Quello che era la soddisfazione di un quotidiano bisogno è diventanto un privilegio. Un lusso per occasioni speciali.
Ma il cielo non è cambiato. Ma io non sono cambiata. E l'urgenza è la stessa. Il bisogno. L'esigenza. E tutto quanto non trova parole finisce per restarmi sospeso tra i pensieri, nello stomaco e sotto la pelle. Brividi e spine. Vento caldo. Deserto.
Ho addosso una stanchezza che sembra accumulata da mille anni di cammino. Ma sono molti di meno. Ma io sono molto di meno.
Sere che sanno di pioggia e caldo. Vento che porta via l'umidità e i temporali. Chilometri a piedi nudi sul pavimento. Sogni disturbati. Interferenze.
Le interferenze delle persone da due lire che continuano a parlare e che mi consumano l'aria e che mi lasciano arida e spenta. [Arida e spenta miodio, come certe braci inutili, come certi corpi vuoti]. E loro parlano ancora. E ancora. Ed io che non riesco a gridare figuriamoci a gridarci sopra. E parlano. Parole inutili all'infinito.
Ed è quando. Quando continuare a pensare è quasi un dolore. Ma poi preferisco ancora il dolore di provare qualcosa che la calma piatta di non provare più niente. Anche se annullarmi sarebbe più facile. Ma io ci sono e respiro ancora.

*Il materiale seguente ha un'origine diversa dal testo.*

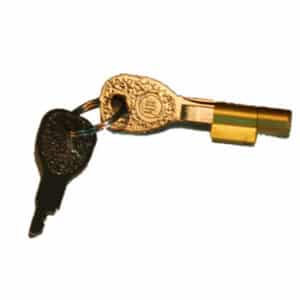 Lopásgátlózár fékes és féknélküli kapcsolófejhez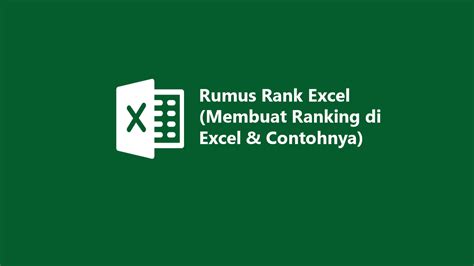 Di bawah untuk mempelajari lebih lanjut tentang pengurutan data dalam excel. Rumus Rank Excel (Membuat Ranking di Excel & Contohnya)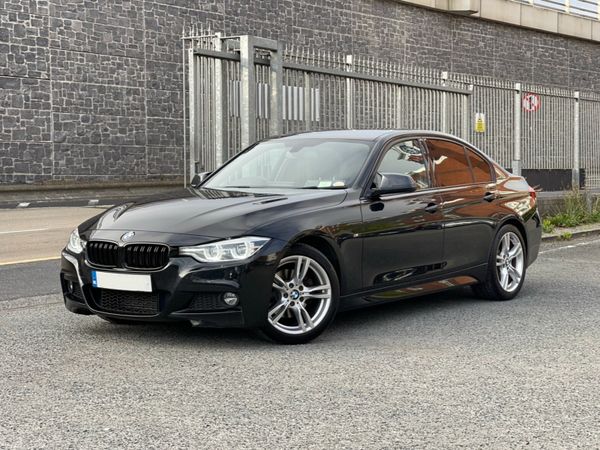 BMW 3-Series Saloon, Petrol Hybrid, 2017, Black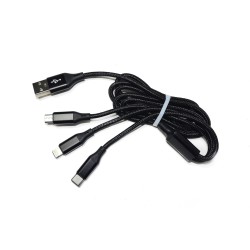 Kabel Msonic MLU621 3w1 Mircro USB/USB C/ Lightning | PartsPC.pl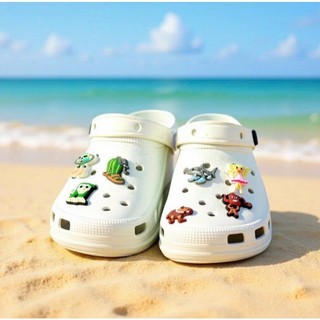 Set 12 Sticker/ Charm gắn dép dẻo Brain Rot - Tung tung tung xahur dẻo
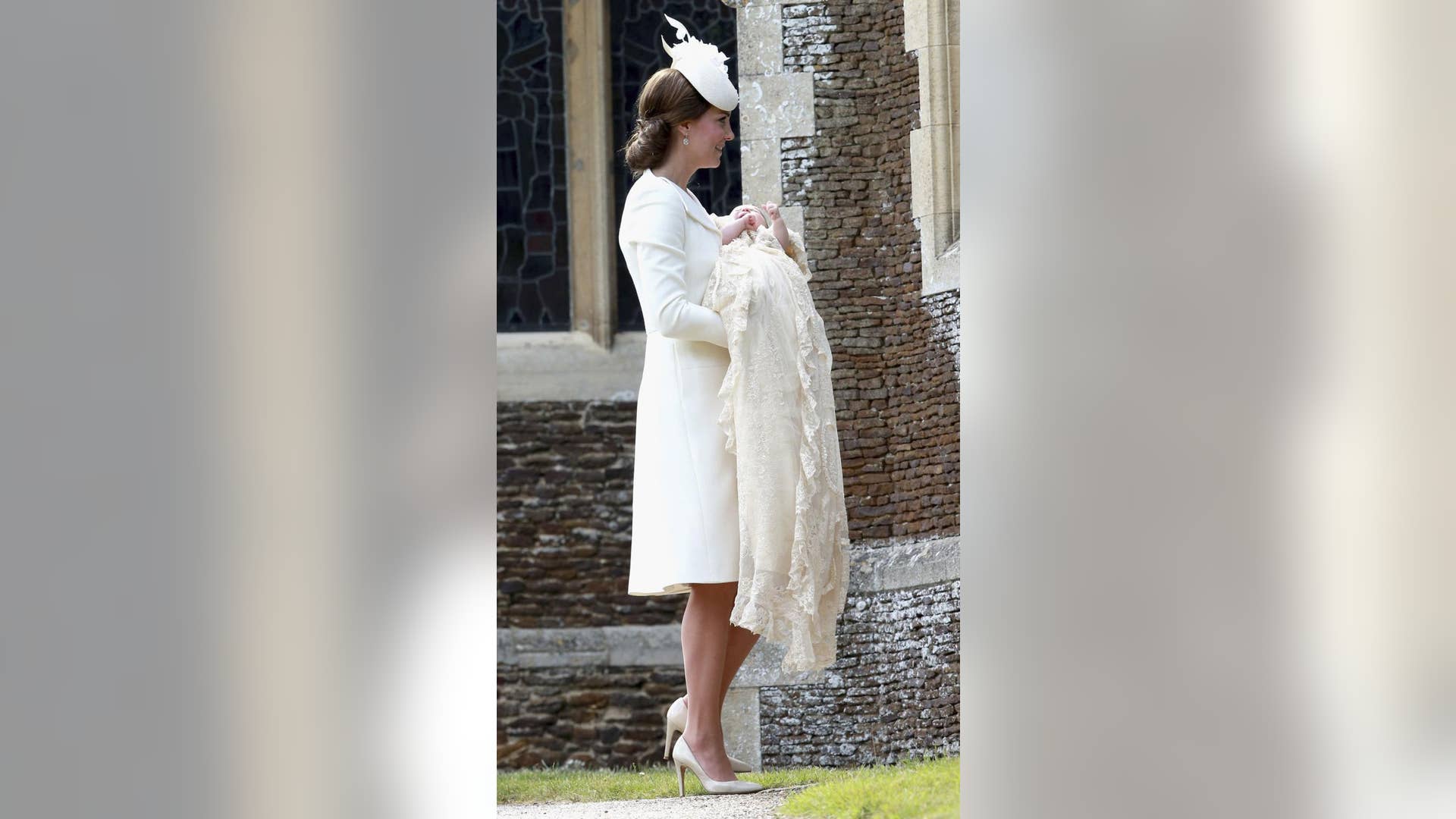 Duchess Kate Middleton with Daughter Princess Charlotte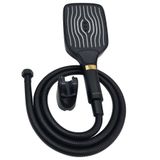 Bộ tay dây sen 3 chức năng chảy, nhựa ABS mạ đen Eurolife EL-125SH-D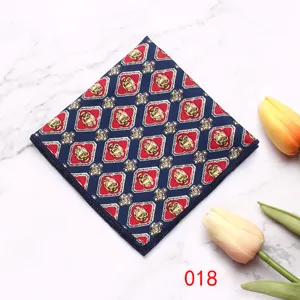 Pañuelo de bolsillo para hombre vintage patrón geométrico accesorio de traje elegante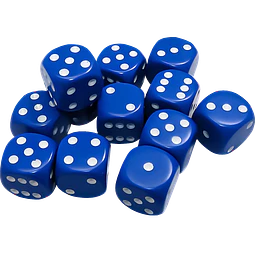 Dados Chessex 25606 Opaque Blue/white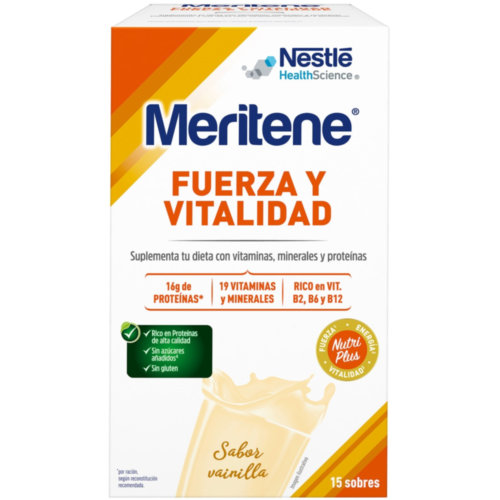 Meritene® Fuerza y Vitalidad Batido Vainilla 15 Sobres de 30g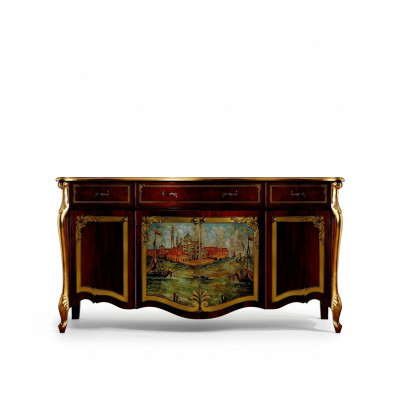 Design furniture luxury baroque buffet sideboard XXL Italian design new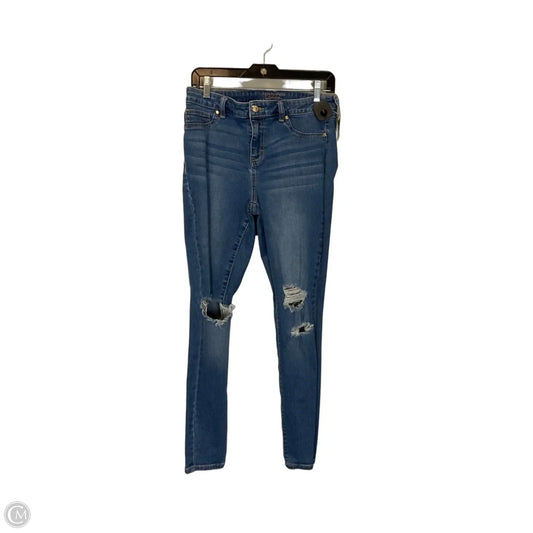 Jeans Skinny By Jennifer Lopez In Blue Denim, Size: 12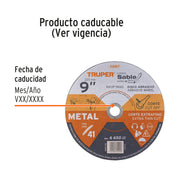 Disco abrasivo de corte preciso metal 9' x 2 mm, TRUPER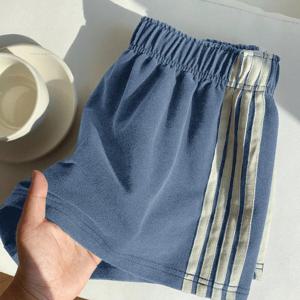 TEMU 여성용 패션 빈티지 와이드핏 캐주얼 쇼츠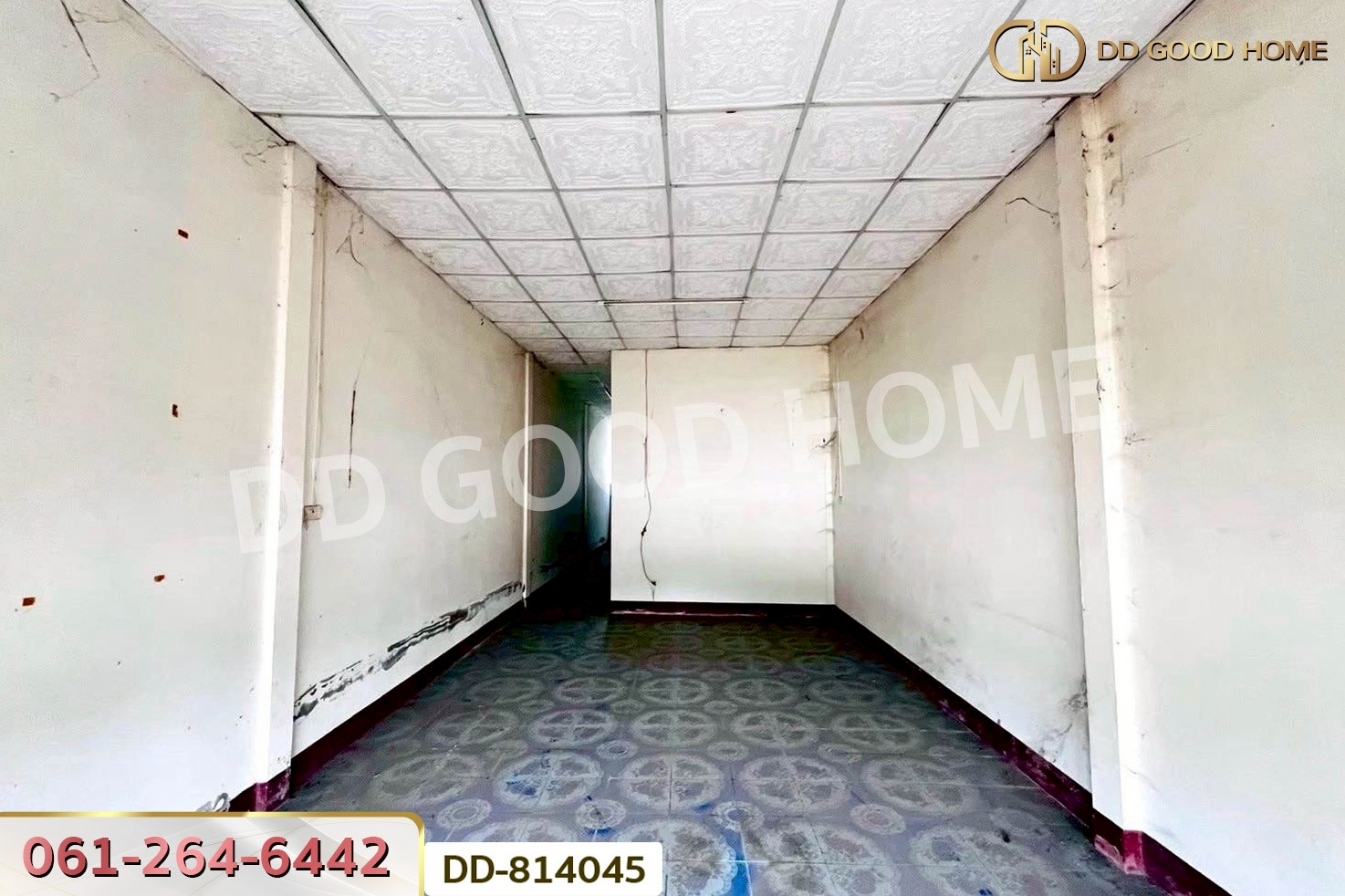 DD-814045 อาคารพาณิชย์ชั้นเดียว โนนสะอาด อุดรธานี ใกล้สถานีตำรวจโนนสะอาด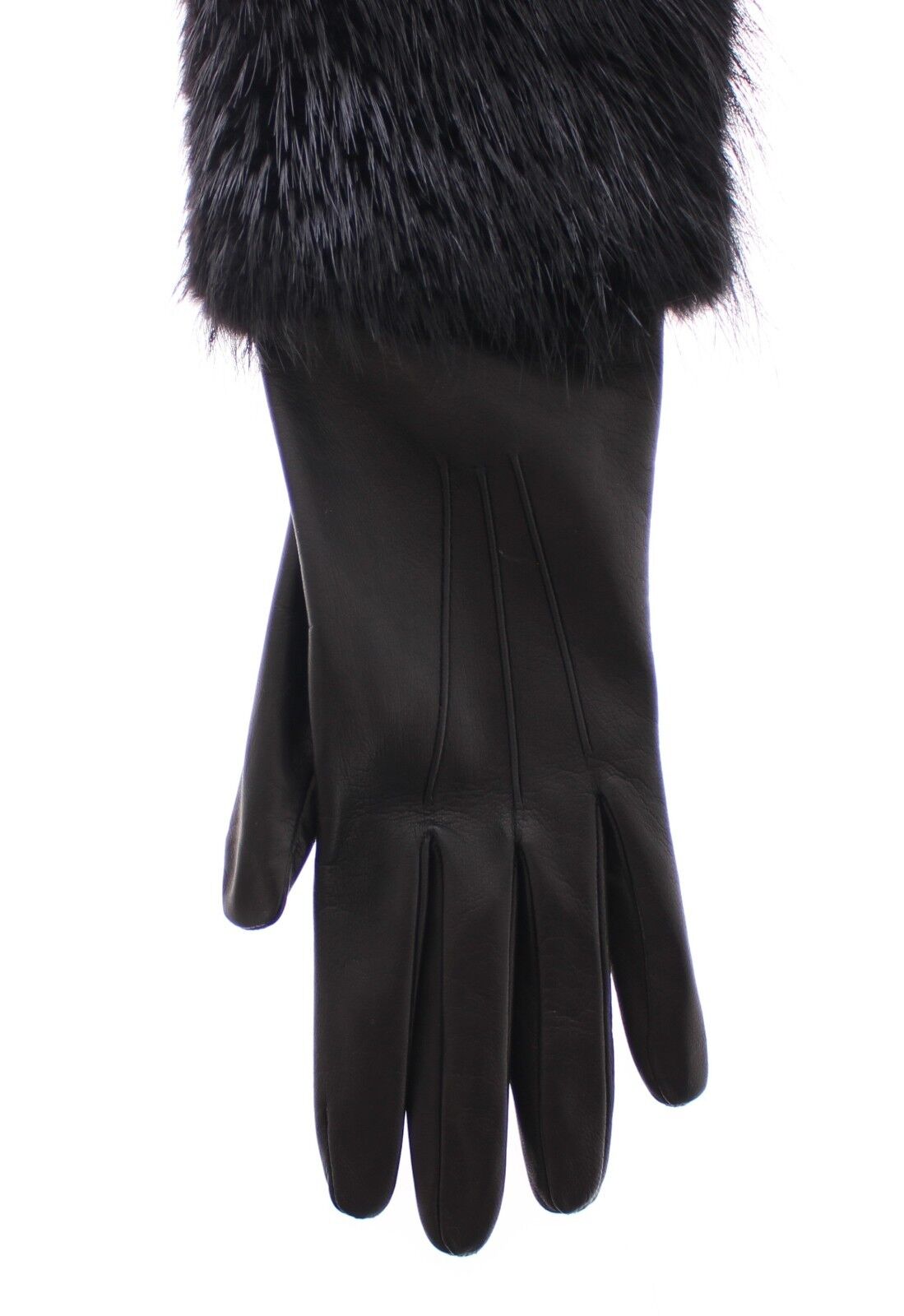 Dolce & Gabbana Elegant Elbow-Length Beaver Fur Gloves - Luksusmuotia Dolce & Gabbana - Tutustu YVES JAVANNI®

Oggi chiusa nella calma irreale di questa stanza. A distanza di sopravvivenza. Ripasso le due o tre cose che mi fanno stare meglio. Che danno un senso al colore del cielo e alla piega dalle mie labbra. Che mi fanno sperare di essere ancora qualcosa di meglio, di avere ancora qualcosa da dire [di avere ancora aria da respirare, tramonti da bruciare, notti da vegliare, mari in cui nuotare con la testa sottacqua, vento da cui farmi asciugare gli occhi] e di avere io dentro quello che non c'è fuori.